# Thread: using the identity to evaluate a sum

1. ## using the identity to evaluate a sum

My question states: Use the identity 1/($\displaystyle k^2$-1)= 1/2(1/(k-1)-1/(k+1)) to evaluate $\displaystyle Sigma$k=1 to n 1/($\displaystyle k^2$-1)

so I have 1/2($\displaystyle \Sigma$k=1 to n 1/(k-1)-1/(k+1)). I feel like from here i'm supposed to manipulate the 1/k-1 to some how get it so I can have a_j =1/(j+1) and then replace all the 1/k+1 by a_j..however i'm not exactly sure how to go about this. Would it turn into $\displaystyle \Sigma$ 1/a_j-2 -a_j ?? if so what do i do from here?

2. First of all, your sum can't possibly start with $\displaystyle k = 1$ because it gives a $\displaystyle 0$ denominator, so I assume you mean for it to start at $\displaystyle k = 2$.
Second, it really helps to use LaTeX so that everyone can read what you are writing.

You are asked to evalute $\displaystyle \sum_{k = 2}^{n}\frac{1}{k^2 - 1}$.

You know that $\displaystyle \frac{1}{k^2 - 1} = \frac{1}{2}\left(\frac{1}{k - 1} - \frac{1}{k + 1}\right)$

so that means $\displaystyle \sum_{k = 1}^{n}\frac{1}{k^2 - 1} = \frac{1}{2}\sum_{k = 2}^n\left(\frac{1}{k - 1} - \frac{1}{k+ 1}\right)$

$\displaystyle = \frac{1}{2}\left[\left(\frac{1}{1} - \frac{1}{3}\right) + \left(\frac{1}{2} - \frac{1}{4}\right) + \left(\frac{1}{3} - \frac{1}{5}\right) + \dots +\left(\frac{1}{n - 3} - \frac{1}{n - 1}\right) +\left(\frac{1}{n - 2} - \frac{1}{n}\right) + \left(\frac{1}{n - 1} - \frac{1}{n + 1}\right)\right]$.
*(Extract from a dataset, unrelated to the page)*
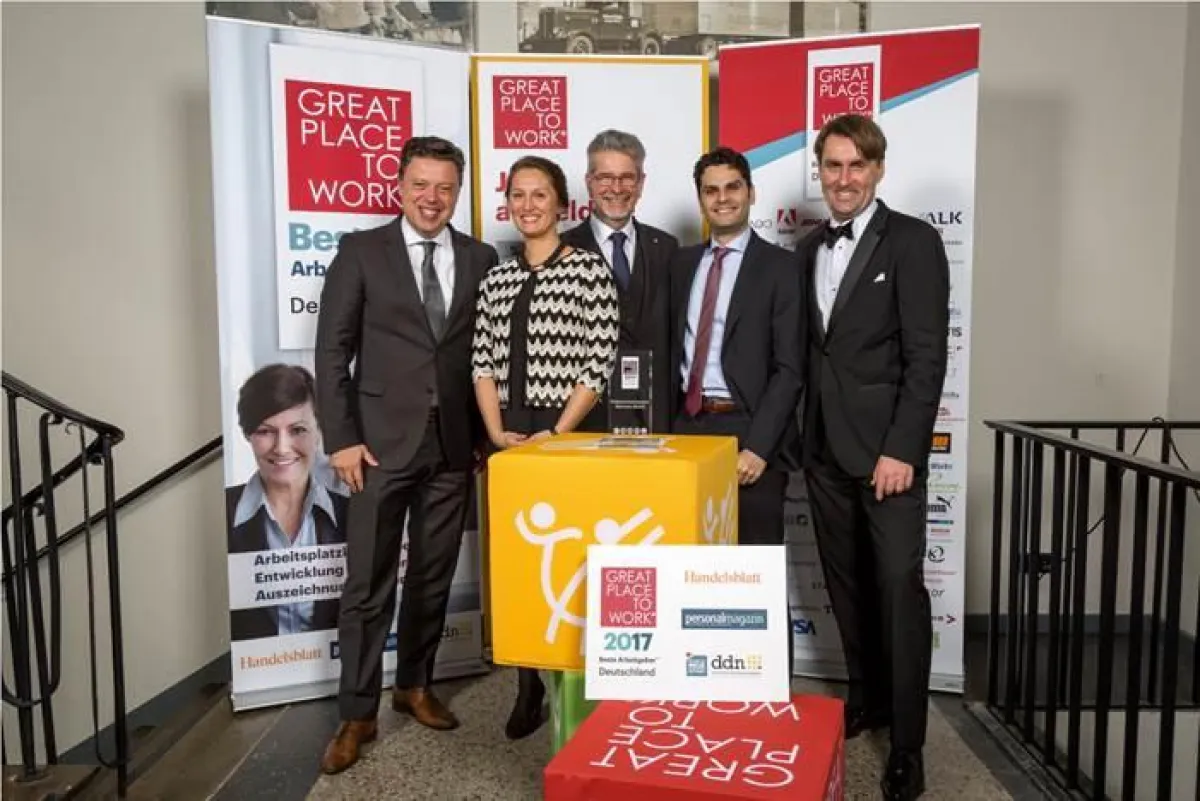 National Instruments Germany Mitarbeiter bei der Preisübergabe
Everything but the first and last two terms cancel, which leaves

$\displaystyle = \frac{1}{2}\left[1 + \frac{1}{2} - \frac{1}{n} - \frac{1}{n + 1}\right]$

$\displaystyle = \frac{1}{2}\left[\frac{3}{2} - \frac{1}{n} - \frac{1}{n + 1}\right]$

$\displaystyle = \frac{1}{2}\left[\frac{3n(n + 1) - 2(n + 1) - 2n}{2n(n + 1)}\right]$

$\displaystyle = \frac{1}{2}\left[\frac{3n^2 + 3n - 2n -2 - 2n}{2n(n + 1)}\right]$

$\displaystyle = \frac{1}{2}\left[\frac{3n^2 - n - 2}{2n(n + 1)}\right]$

$\displaystyle = \frac{3n^2 - n - 2}{4n(n + 1)}$

$\displaystyle = \frac{(n - 1)(3n + 2)}{4n(n + 1)}$.
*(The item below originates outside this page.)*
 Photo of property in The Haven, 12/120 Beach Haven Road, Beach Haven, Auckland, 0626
3. Hey thanks so much! It was soooo much easier to see when you expand everything out..i don't know why i didn't even bother to expand it but thanks. Oh and i'm sorry for my lack of latex skill, i am trying to use them and i keep referring to a latex table but i seem to be horrible at applying them correctly. I need more practice with it and i will def work on it! i'm sorry it was so hard to read but thank you for clearing it up for everyone to see. (and also i did mean k=2 thats what i have on my scrap paper my bad). Thanks again.